PII Guard TW: A De-identification Tool Built for Taiwan

There's no off-the-shelf de-identification tool for Taiwan's PII formats. So I built one that keeps sensitive data on your machine while you send the rest to AI.

I was recently using AI to process client data, and the client was clear: sensitive information should not be sent to AI servers. But when I went looking for de-identification tools, I hit a wall—Taiwan’s PII formats (national ID numbers, local phone numbers, tax IDs) aren’t supported by any existing tool.

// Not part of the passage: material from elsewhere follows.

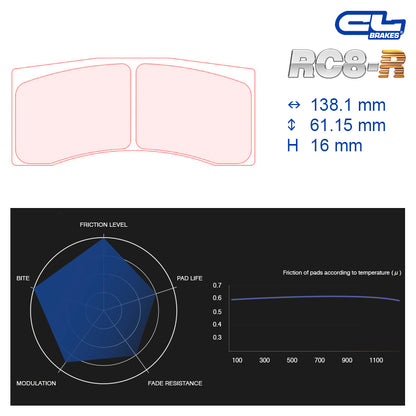 CL Brakes -  Kit 4 pcs. plaquettes de frein (5036W50T16)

So I combined an open-source library with local adaptations and built pii-guard-tw. It automatically replaces PII in your documents with placeholders, lets you send the sanitized version to AI for processing, and then restores the original data afterward. Your real data never leaves your machine.

Supported PII Types

National ID numbers, resident certificate numbers, passport numbers
Mobile numbers (09xx / +886 format), landlines
Email addresses, credit card numbers
Tax ID numbers (統一編號, Taiwan’s business registration number), license plates, dates of birth, bank account numbers
Person names, organization names, location names (detected via CKIP BERT, a Mandarin NLP model from Academia Sinica)

Supported File Formats

Plain text (.txt / .csv / .tsv)
Excel (.xlsx) — processes cell by cell, preserves formatting
Word (.docx) — handles both paragraphs and tables
PDF (.pdf) — extracts text first, then processes

MCP Integration

There’s also an MCP server so you can plug it directly into Claude Code and use it seamlessly in your workflow.

Still very early stage—issues and PRs are welcome.

A Note for API / Enterprise Users

Claude API and Enterprise users can refer to Anthropic’s official ZDR (Zero Data Retention) policy—your data isn’t retained by default. For regular subscription users, besides using a de-identification tool, remember to go into your settings and turn off “Allow my data to be used for model training.” That way your data is only stored by Anthropic for 30 days instead of five years.